Published On: Thu, Nov 24th, 2016

Facebook Accused of Enabling Censorship To Appease China

Mark-Zuckerberg-Facebook

 

Facebook has developed a new censorship tool as part of an effort to get back into the Chinese market. The world’s largest social media network was banned in that country seven years ago.

But why was it banned? Well social media played a central role in The Arab Spring where governments in Libya, Egypt and Tunisia were toppled. The Chinese government is concerned that Facebook could be used for similar anti-government organization in its country.

The New York Times reported that Facebook employees revealed to it that the company has developed a tool which can be used to block certain news feeds from appearing in select regions in China. The tool would not be used by the company itself, but by another party like a Facebook partner in China.

 

china-flag-map

 

This comes after Mark Zuckerberg has been courting Chinese leaders including President Xi Jinping.
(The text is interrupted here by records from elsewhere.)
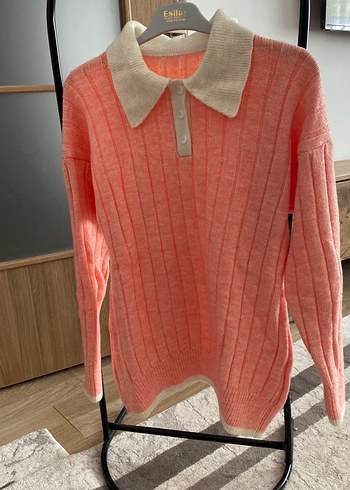 Pembe Yakalı Örgü Kadın Kazak - Görsel 3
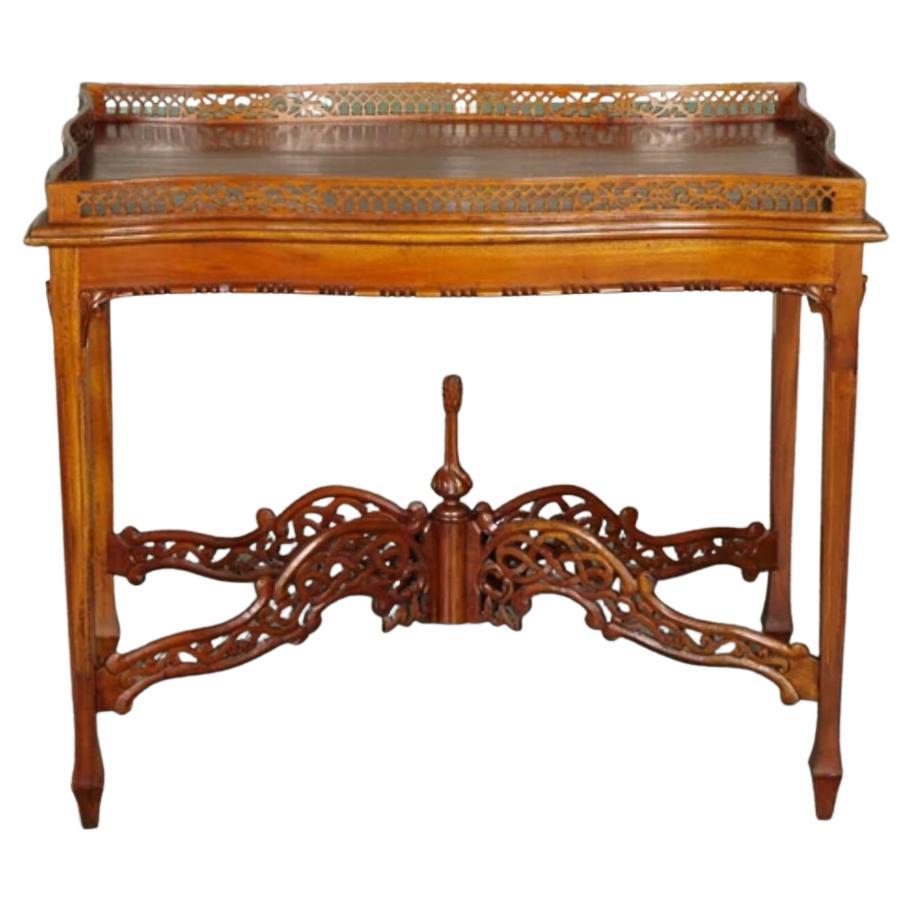 Nous sommes ravis d'offrir à la vente cette très belle table console de style George III Chippendale.

Un plateau rectangulaire avec une galerie percée au-dessus d'une frise aveugle sculptée de frettes. Sculptures très détaillées et design
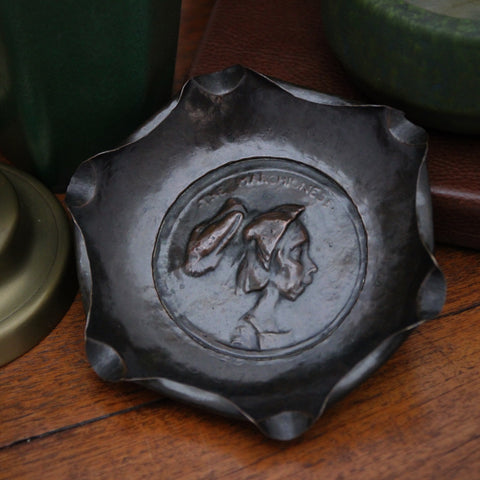 English Arts & Crafts Dickens "Marchioness" Copper Bowl (LEO Design)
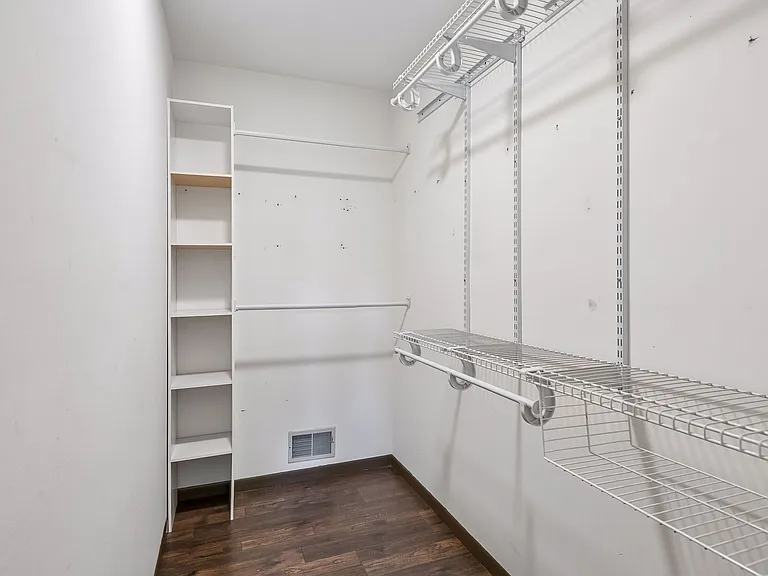 2831 Kenwood Isles Dr — Photo 21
Other social media firms engage in similar practices and Facebook already allows for such censorship in other countries.

Corporate cooperation with government censorship around the world has been a controversial subject for some time now. Internet behemoths like Google have been criticized by free speech groups for allowing countries like China to censor their content.
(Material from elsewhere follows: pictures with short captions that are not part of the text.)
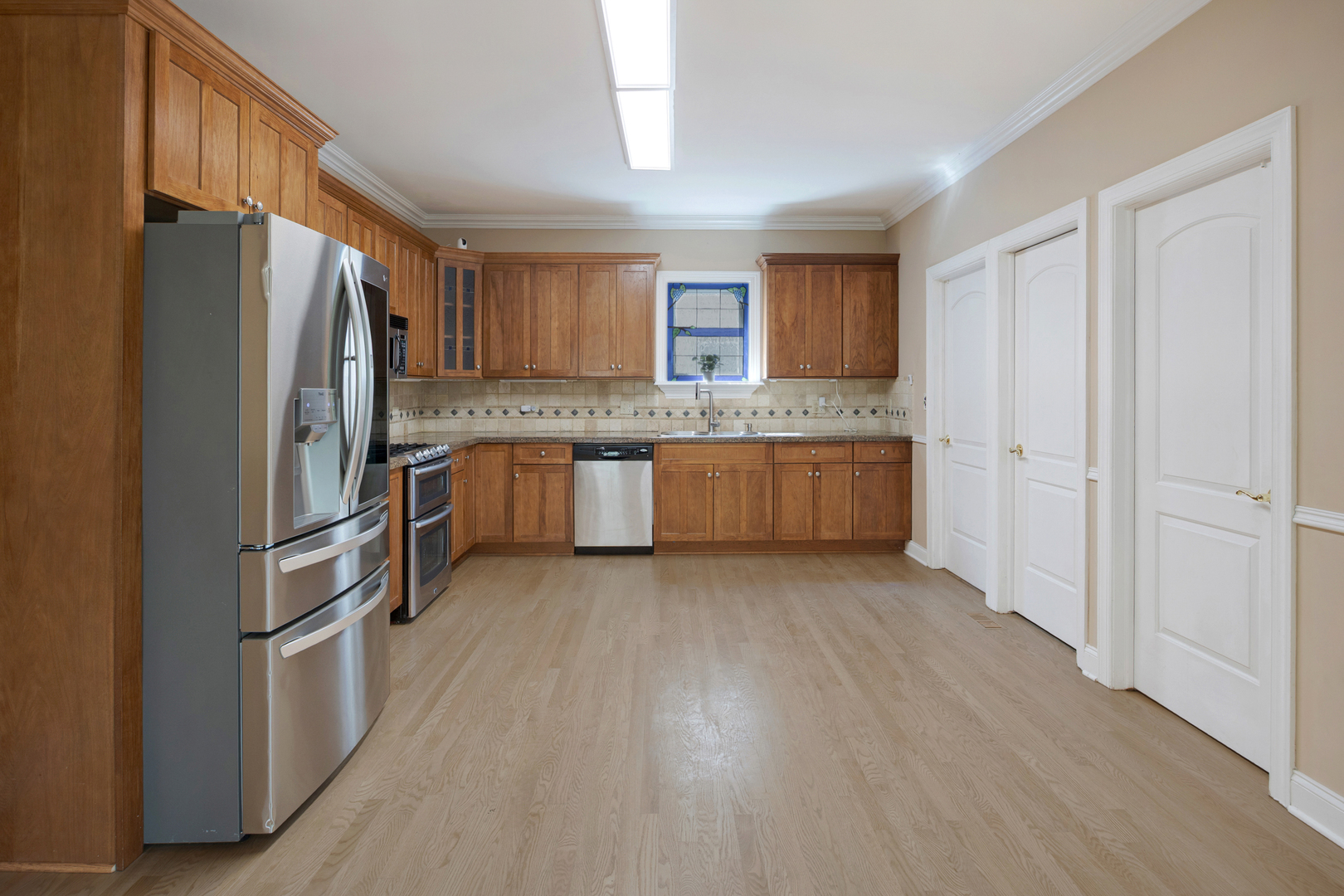 335 W Carriage Lane, Bensenville, IL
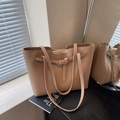 Borsa tote in pelle marrone a grana di litchi con spalline lunghe e fibbia metallica - Cachi
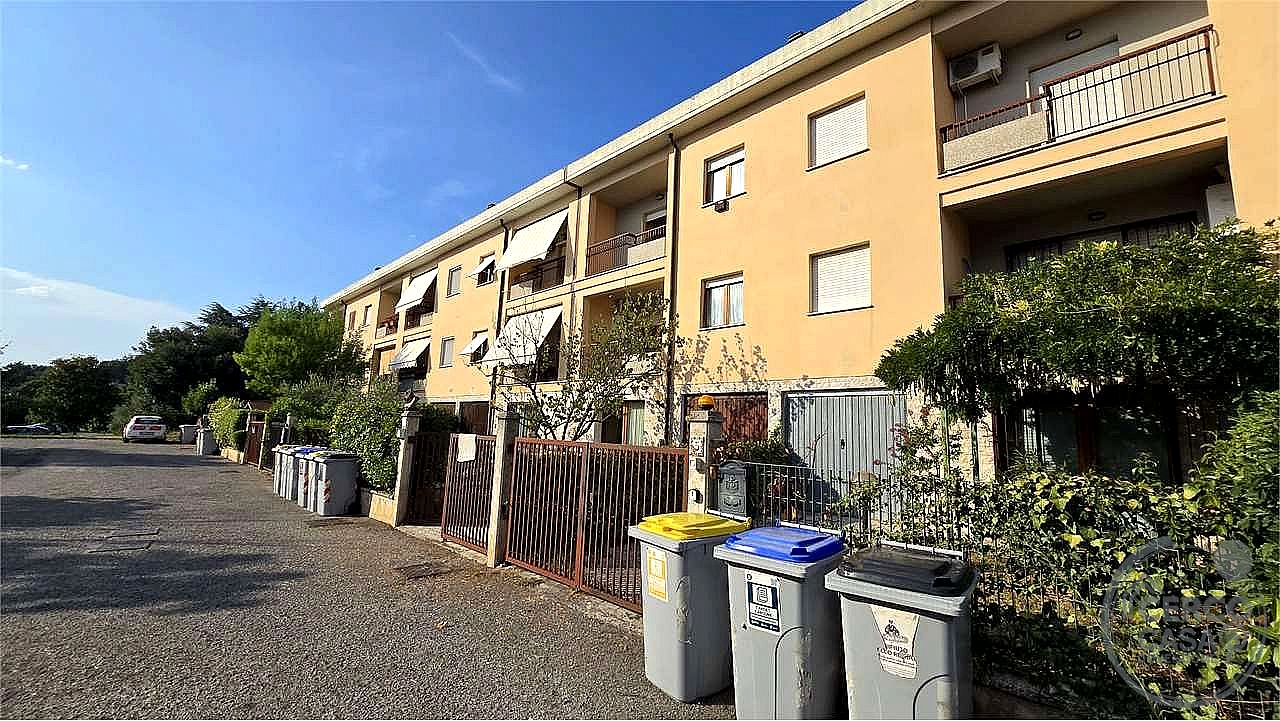 VILLA A SCHIERA VENDITA PERUGIA LACUGNANO · foto 8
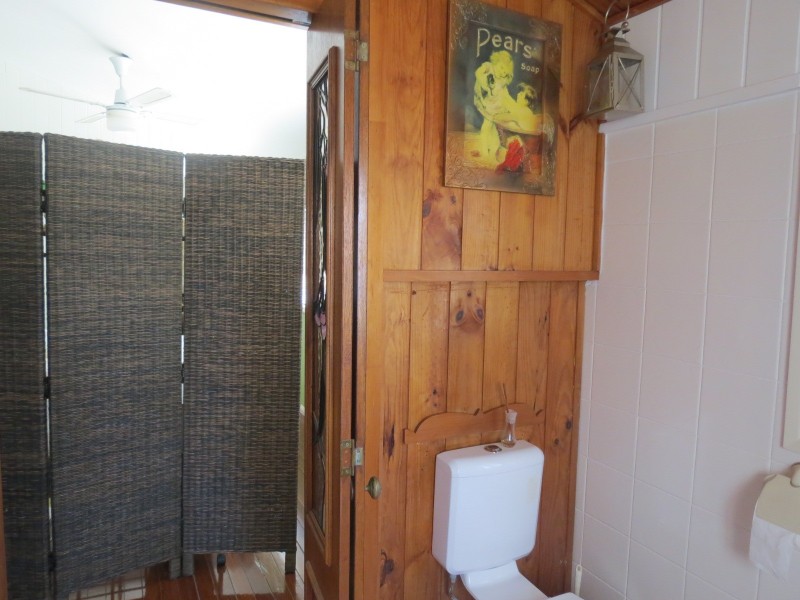 56 Shell Street, Urangan QLD 4655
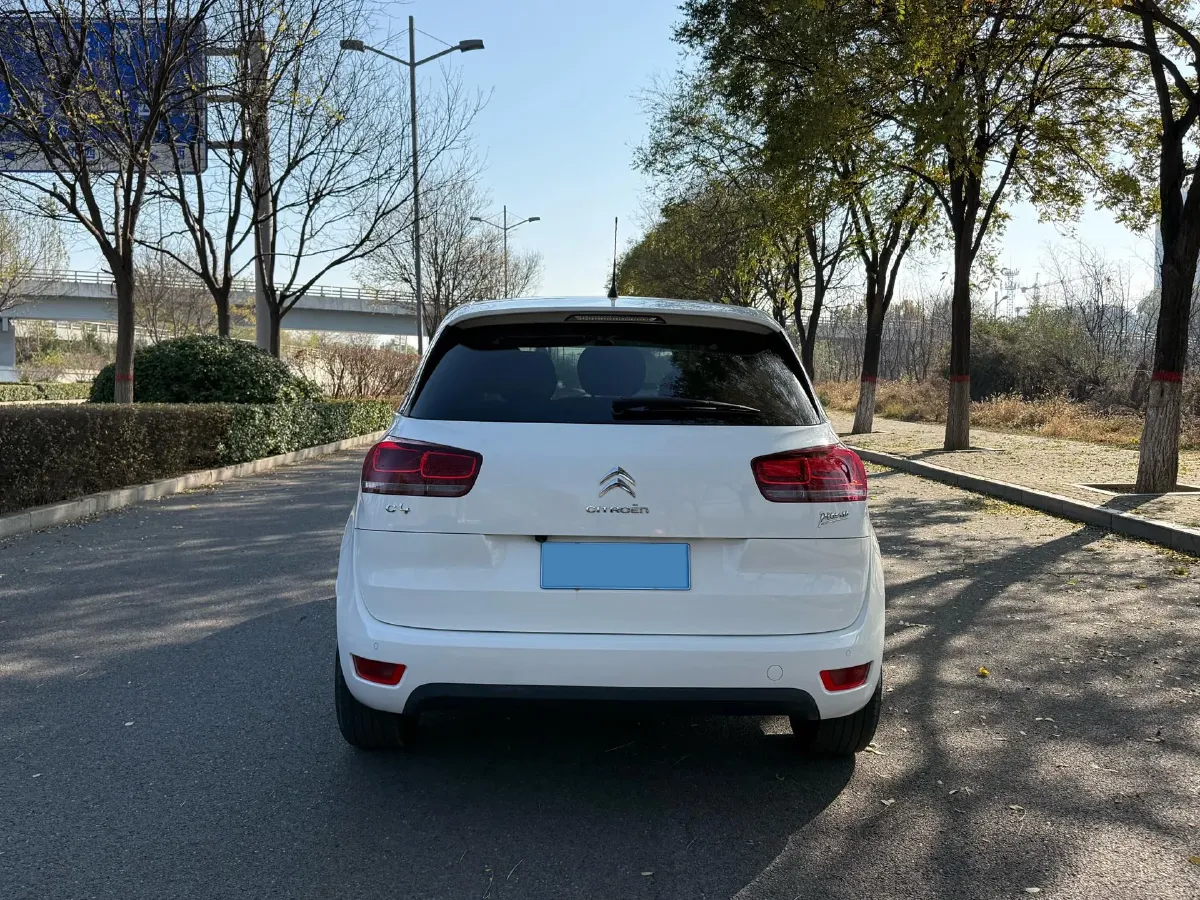 2015 Citroen C4 Picasso 1.6T 165HP L4 6AT,autocango,china used car exporter,china ev exporter,chinese used car exporter,chinese used ev exporter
But do private corporations have a responsibility to not cooperate with non-democratic governments? Well Facebook does not see any conflict here.

“We have long said that we are interested in China, and are spending time understanding and learning more about the country, ” Facebook spokeswoman Arielle Aryah said in an emailed statement to Reuters.

“However, we have not made any decision on our approach to China. Our focus right now is on helping Chinese businesses and developers expand to new markets outside China by using our ad platform.”

There is nothing new to controversy surrounding the dealings of private enterprises in non-democratic countries. Oil companies have been lambasted for working with repressive Arab regimes in the Middle East. Throughout the Cold War American firms were often attacked for doing business with dictatorial regimes in El Salvador and The Philippines.